Wednesday, November 14, 2018

How to use dplyr() Package for Data Wrangling in R Programming

Data Wrangling with functions of dplyr() Package in R
The package "dplyr" provides easy tools for the most common data manipulation tasks. It is built to work directly with data frames, with many common tasks optimized by being written in a compiled language (C++).
An additional feature is the ability to work directly with data stored in an external database. The benefits of doing this are that the data can be managed natively in a relational database, queries can be conducted on that database, and only the results of the query are returned.
The "dplyr" package is a grammar of data manipulation, providing a consistent set of verbs that help you solve the most common data manipulation challenges.
The "dplyr" package addresses a common problem with R is that, all operations are conducted in-memory and thus the amount of data you can work with is limited by available memory.
The database connections feature of the "dplyr" package essentially remove that limitation in that you can connect to a database of many hundreds of GB, conduct queries on it directly, and pull back into R only what you need for analysis.

The "dplyr" package belongs to the family of "tidyverse" packages
(ggplot2, dplyr, tidyr, readr, purr, tibble,hms, stringr, lubridate, forcats, DBI, haven, httr, jsonlite, readxl, rvest, xml2, modelr, broom)

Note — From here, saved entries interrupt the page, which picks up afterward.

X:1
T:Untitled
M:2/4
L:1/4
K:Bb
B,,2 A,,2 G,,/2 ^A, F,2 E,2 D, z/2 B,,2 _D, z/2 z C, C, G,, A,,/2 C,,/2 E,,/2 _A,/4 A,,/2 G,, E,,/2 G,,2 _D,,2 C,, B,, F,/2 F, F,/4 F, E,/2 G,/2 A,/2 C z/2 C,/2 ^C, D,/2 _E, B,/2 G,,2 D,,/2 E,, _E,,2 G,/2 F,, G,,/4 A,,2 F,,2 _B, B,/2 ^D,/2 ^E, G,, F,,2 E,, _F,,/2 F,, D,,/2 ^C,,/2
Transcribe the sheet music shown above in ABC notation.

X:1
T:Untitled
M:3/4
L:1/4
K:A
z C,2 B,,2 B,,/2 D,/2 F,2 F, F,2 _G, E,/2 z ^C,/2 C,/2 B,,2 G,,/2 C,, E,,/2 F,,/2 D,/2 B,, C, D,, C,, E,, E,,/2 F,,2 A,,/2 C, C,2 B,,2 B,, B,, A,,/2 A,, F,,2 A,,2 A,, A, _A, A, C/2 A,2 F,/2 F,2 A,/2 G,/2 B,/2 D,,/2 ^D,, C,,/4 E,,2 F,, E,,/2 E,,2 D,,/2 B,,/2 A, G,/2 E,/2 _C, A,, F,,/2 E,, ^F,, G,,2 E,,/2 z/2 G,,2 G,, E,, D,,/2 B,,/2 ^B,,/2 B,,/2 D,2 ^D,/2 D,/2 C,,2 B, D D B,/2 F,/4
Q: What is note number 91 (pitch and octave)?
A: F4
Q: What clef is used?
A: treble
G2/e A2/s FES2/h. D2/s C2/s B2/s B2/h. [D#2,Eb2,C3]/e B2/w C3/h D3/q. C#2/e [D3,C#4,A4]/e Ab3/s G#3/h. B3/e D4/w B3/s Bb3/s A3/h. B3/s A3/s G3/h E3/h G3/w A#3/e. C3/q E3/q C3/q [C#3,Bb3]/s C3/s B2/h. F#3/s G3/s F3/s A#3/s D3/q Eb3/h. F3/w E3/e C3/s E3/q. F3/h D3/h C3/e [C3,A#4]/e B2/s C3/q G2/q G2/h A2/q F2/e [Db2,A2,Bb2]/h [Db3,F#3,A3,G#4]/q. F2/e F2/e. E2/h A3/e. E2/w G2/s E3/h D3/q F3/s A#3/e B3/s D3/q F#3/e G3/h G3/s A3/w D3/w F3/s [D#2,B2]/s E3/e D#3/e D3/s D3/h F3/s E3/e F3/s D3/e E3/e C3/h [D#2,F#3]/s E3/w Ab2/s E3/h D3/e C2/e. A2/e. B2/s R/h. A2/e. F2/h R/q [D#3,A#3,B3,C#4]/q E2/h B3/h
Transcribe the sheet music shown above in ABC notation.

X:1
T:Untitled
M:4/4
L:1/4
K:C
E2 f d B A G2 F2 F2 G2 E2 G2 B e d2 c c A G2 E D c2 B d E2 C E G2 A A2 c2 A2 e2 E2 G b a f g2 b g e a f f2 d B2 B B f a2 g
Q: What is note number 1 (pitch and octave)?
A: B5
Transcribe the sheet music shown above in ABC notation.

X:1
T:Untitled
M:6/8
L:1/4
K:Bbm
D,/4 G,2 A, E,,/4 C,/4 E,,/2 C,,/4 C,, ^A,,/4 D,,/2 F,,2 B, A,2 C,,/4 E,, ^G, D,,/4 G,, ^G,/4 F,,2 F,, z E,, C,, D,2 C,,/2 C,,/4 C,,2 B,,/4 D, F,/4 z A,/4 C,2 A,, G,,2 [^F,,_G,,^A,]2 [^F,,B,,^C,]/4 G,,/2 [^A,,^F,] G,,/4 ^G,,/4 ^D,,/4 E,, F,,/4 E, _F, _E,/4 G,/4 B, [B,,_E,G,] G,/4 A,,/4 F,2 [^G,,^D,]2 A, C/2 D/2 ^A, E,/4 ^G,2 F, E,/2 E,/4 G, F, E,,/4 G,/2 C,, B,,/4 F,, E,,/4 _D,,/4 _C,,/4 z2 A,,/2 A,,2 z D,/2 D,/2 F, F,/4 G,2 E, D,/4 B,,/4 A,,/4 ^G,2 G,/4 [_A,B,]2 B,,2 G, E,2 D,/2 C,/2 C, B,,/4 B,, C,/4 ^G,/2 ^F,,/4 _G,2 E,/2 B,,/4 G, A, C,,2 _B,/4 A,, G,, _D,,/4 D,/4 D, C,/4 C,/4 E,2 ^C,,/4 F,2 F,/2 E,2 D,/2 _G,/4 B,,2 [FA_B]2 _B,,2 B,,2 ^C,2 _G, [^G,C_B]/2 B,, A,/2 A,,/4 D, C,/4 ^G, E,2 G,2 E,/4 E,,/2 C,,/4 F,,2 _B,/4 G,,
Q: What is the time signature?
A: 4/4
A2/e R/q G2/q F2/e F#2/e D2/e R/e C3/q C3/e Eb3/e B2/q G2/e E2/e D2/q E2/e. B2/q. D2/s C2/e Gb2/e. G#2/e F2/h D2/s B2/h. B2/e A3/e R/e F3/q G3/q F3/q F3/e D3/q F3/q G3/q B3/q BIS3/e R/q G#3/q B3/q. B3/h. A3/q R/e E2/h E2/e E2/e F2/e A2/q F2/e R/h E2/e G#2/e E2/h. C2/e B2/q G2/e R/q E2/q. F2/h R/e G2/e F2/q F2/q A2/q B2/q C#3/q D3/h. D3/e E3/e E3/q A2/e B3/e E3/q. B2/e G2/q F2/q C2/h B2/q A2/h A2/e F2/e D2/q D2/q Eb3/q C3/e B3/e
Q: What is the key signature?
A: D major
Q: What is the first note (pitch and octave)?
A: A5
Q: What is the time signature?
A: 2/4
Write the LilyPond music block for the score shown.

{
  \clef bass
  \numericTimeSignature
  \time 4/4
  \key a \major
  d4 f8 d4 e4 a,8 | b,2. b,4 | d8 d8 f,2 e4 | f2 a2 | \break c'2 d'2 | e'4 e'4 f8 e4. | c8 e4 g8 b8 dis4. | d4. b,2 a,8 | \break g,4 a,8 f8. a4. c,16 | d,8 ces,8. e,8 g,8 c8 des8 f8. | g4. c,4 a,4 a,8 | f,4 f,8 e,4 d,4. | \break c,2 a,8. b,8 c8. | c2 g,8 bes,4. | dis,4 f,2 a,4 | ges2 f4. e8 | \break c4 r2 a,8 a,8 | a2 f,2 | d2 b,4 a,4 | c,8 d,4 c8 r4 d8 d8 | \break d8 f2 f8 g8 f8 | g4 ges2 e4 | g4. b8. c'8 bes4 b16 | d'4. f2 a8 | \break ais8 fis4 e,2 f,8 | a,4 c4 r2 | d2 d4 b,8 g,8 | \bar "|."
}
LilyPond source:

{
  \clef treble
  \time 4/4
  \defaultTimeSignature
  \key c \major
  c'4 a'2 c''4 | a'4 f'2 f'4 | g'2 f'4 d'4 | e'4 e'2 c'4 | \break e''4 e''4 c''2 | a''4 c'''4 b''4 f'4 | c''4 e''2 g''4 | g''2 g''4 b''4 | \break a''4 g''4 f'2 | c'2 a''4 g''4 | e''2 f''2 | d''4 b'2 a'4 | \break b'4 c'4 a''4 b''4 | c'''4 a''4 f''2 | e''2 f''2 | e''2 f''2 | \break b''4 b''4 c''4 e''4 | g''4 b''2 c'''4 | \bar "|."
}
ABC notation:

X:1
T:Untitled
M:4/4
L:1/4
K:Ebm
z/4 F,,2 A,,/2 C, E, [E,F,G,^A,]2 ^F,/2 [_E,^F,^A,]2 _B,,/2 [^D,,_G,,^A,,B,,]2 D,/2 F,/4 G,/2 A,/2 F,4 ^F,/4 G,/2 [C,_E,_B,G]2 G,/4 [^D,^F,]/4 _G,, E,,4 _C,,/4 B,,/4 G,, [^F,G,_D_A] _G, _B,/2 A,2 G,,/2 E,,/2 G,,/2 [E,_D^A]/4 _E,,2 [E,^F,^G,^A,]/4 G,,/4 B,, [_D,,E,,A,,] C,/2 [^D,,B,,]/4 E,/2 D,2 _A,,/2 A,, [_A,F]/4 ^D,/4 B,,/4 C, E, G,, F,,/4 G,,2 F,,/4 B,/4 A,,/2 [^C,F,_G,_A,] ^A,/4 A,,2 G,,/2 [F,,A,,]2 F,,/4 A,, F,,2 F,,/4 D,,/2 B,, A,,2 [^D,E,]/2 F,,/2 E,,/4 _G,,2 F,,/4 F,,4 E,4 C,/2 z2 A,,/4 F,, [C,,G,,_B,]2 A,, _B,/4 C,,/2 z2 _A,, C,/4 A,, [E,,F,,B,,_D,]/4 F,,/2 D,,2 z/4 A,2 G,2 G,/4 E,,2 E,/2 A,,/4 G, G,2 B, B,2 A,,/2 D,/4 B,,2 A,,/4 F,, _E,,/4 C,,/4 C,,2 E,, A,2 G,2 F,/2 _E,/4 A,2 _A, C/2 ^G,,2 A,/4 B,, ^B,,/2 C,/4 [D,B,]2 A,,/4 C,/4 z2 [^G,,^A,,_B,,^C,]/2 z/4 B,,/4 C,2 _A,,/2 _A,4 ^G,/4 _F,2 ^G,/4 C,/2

The "dplyr" is a package for data manipulation, written and maintained by Hadley Wickham. It provides some great, easy-to-use functions that are very handy when performing exploratory data analysis and manipulation
You can learn more about this package using vignette("dplyr")
The following are the standard functions available in dplyr package :
select(): Select the variables from a dataset
filter():  Apply the fitters on the variables of a dataset
mutate(): Create the new variables by using information from existing variables
group_by() and summarize(): Create summary statistics on grouped data
arrange(): Sort/ordering the results
count(): Count discrete values
>install.packages("dplyr")
>library("dplyr")

Scenario :
Now we will read and explore the dataset then we perform various functions on the dataset.
> dt_sales<-read.csv(fpath,header=T,sep="\t",dec=",",as.is=T,na.strings = c("NULL","NA","na",""))

#Formatting columns :
We will format few of the columns of the above dataset
> dt_sales$Order_Date<-as.Date(dt_sales$Order_Date,"%m/%d/%Y")
> dt_sales$FiscalQuarter<-as.factor(dt_sales$FiscalQuarter)
> dt_sales$Region_Name<-as.factor(dt_sales$Region_Name)
> dt_sales$Cust_Segment<-as.factor(dt_sales$Cust_Segment)

Exploring dataset :
Now we will explore the dataset using various functions
> str(dt_sales)
> summary(dt_sales)
> tbl_df(dt_sales)
OR
> print(tbl_df(dt_sales),n=10)

> glimpse(dt_sales)

Functions of dplyr package :
1. select() :
The selection function is used to select the Variables from a dataset. The first argument to this function is the data frame (surveys), and the subsequent arguments are the columns to keep.
As well as using existing functions like : and c(), there are a number of special functions that work inside select () :starts_with(), ends_with(), contains() , matches(), num_range(), one_of(), everything()
To drop variables from select() we use - prefix to columns.
# Selecting the entire dataset :
>select(dt_sales,everything())
> tbl_df(select(dt_sales,everything())) 
Note : every where I used tbl_df () to limit/fit the results on the screen.
#Selecting only specific Variables( by passing Variables Name or Number)
> tbl_df(select(dt_sales,Order_Id,FiscalQuarter,Gross_Sales))
OR
> tbl_df(select(dt_sales,c(1,3,9)))

#Selecting sequence of Variables
> tbl_df(select(dt_sales,Order_Id:Cust_Segment))
OR
> tbl_df(select(dt_sales,1:5))
#Removing specific/sequence of Variables from selection
We can remove the specific/sequence of Variables from selection by specifying their Name(s) or Number(s)
>tbl_df(select(dt_sales,-Order_Date,-FiscalQuarter,-Region_Name,-Cust_Segment))
OR
> tbl_df(select(dt_sales,-2,-3,-4,-5))
OR
> tbl_df(select(dt_sales,-(Order_Date:Cust_Segment)))
OR
> tbl_df(select(dt_sales,-(2:5))


#Exclude in between Variables from selection
>tbl_df(select(dt_sales,(1:9),-2,-5,-8))
Utility functions of select() :
Utility functions existing in select(), summarise_each() and mutate_each() in dplyr as well as some functions in the tidyr package.
Seven functions existed in the utility functions of select().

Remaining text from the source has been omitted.